### WHAT YOU NEED TO DO
Each line of the data below should be restated exactly, with images left out.

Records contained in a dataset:
<<<<

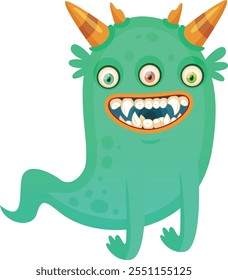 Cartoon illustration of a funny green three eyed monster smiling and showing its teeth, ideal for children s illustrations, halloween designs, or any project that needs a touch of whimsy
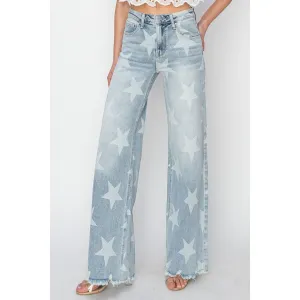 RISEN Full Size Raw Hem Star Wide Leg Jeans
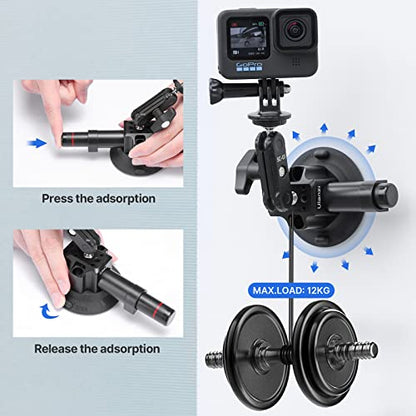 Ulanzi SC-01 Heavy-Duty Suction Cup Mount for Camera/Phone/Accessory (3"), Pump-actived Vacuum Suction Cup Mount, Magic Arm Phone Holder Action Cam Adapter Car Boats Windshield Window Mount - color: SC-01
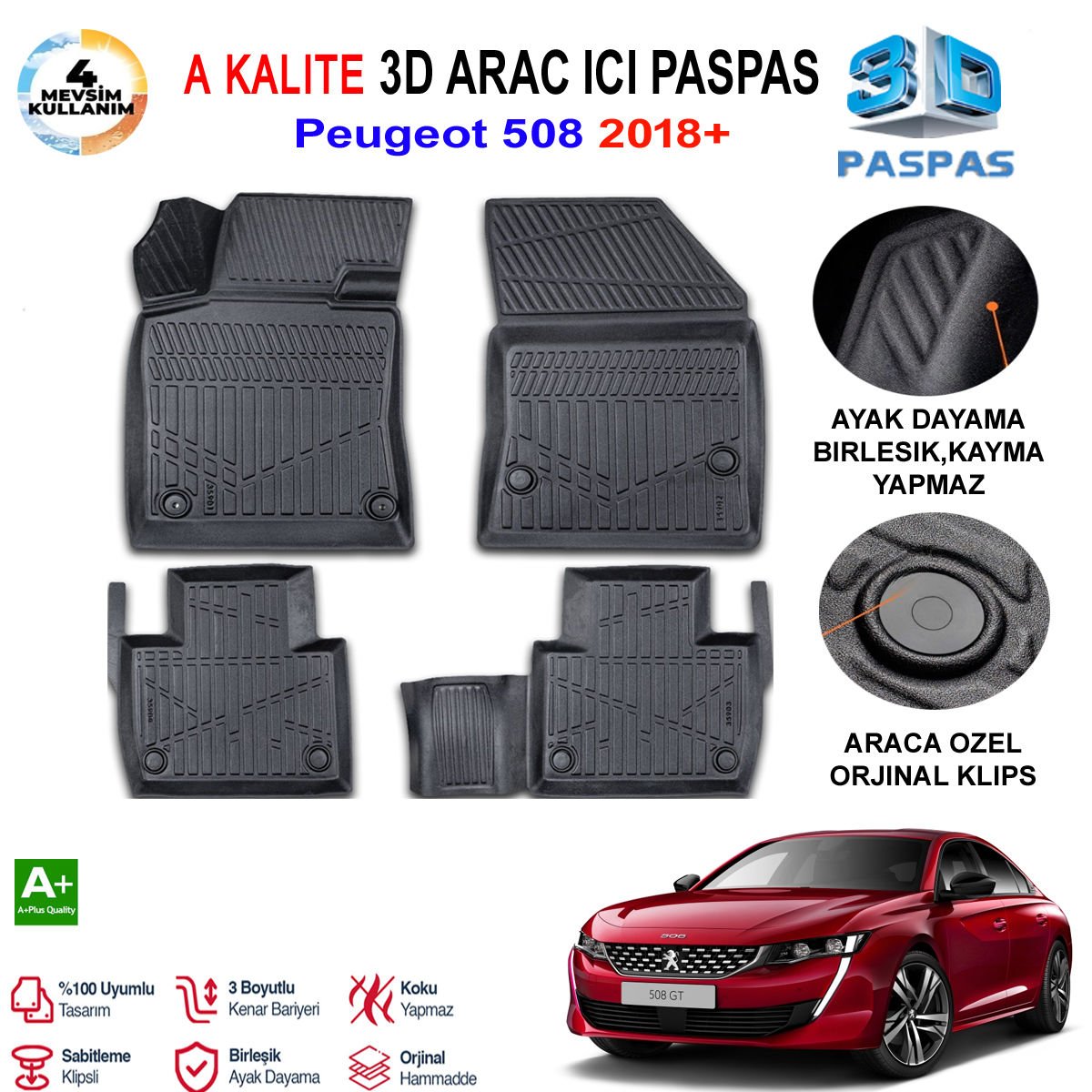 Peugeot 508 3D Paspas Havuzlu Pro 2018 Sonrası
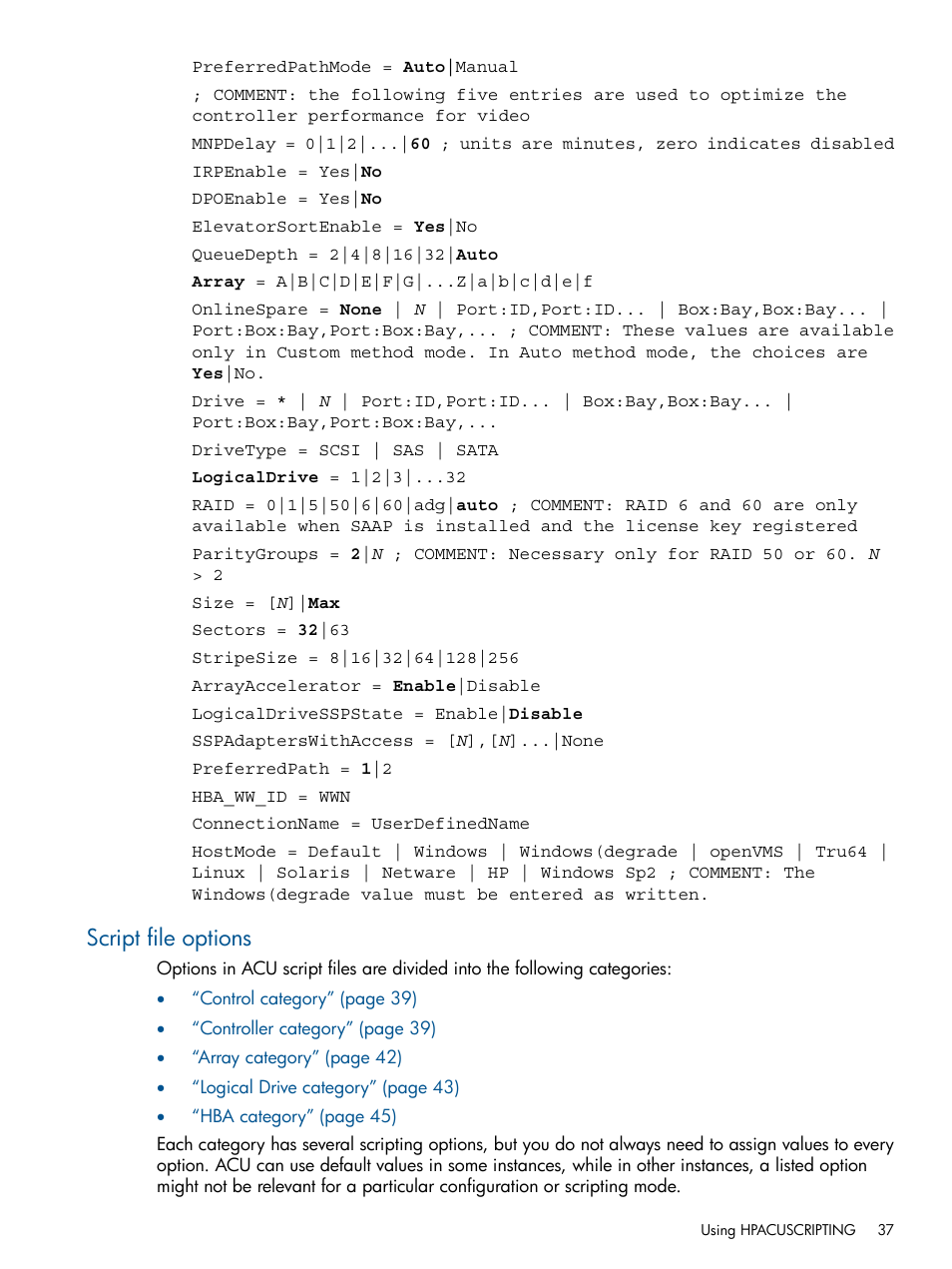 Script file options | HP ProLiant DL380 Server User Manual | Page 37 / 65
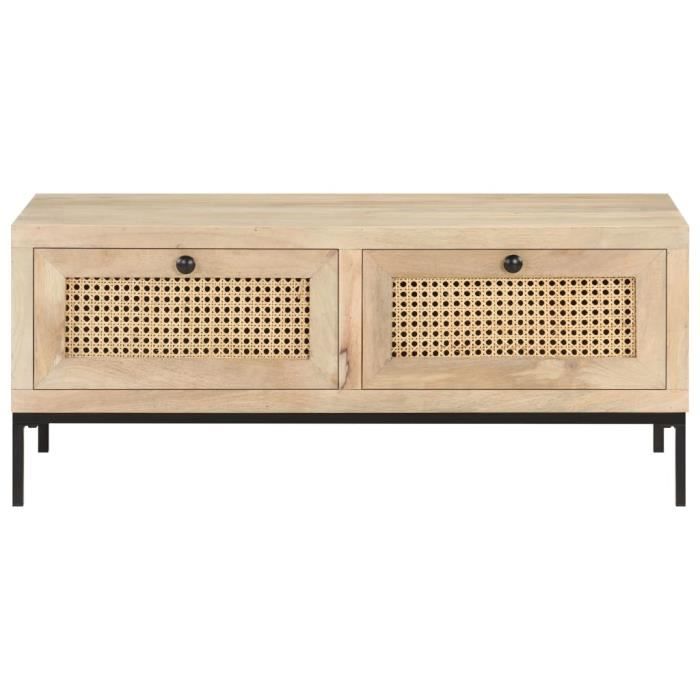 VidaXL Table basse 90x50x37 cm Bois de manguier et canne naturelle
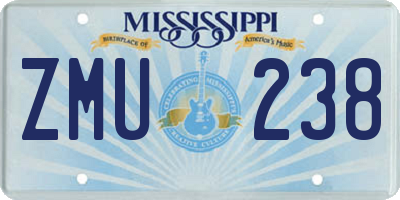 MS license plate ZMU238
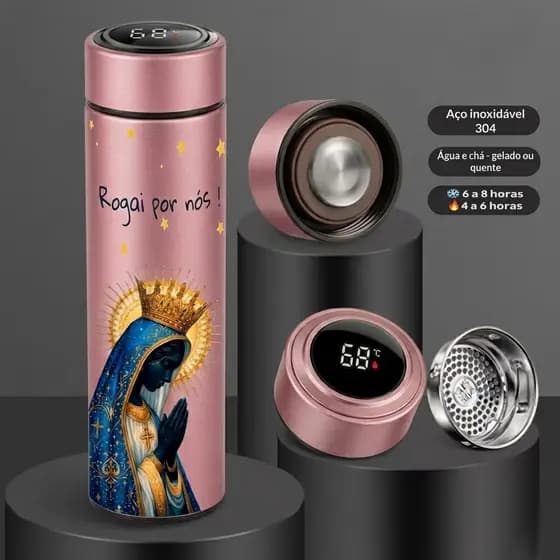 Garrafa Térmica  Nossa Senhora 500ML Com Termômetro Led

>>>>

### ANSWER TO THIS TASK
 Cartoon illustration of a funny green three eyed monster smiling and showing its teeth, ideal for children s illustrations, halloween designs, or any project that needs a touch of whimsy
 RISEN Full Size Raw Hem Star Wide Leg Jeans
 Ulanzi SC-01 Heavy-Duty Suction Cup Mount for Camera/Phone/Accessory (3"), Pump-actived Vacuum Suction Cup Mount, Magic Arm Phone Holder Action Cam Adapter Car Boats Windshield Window Mount - color: SC-01
 Peugeot 508 3D Paspas Havuzlu Pro 2018 Sonrası
 Script file options | HP ProLiant DL380 Server User Manual | Page 37 / 65
 VidaXL Table basse 90x50x37 cm Bois de manguier et canne naturelle
 MS license plate ZMU238
 Garrafa Térmica  Nossa Senhora 500ML Com Termômetro Led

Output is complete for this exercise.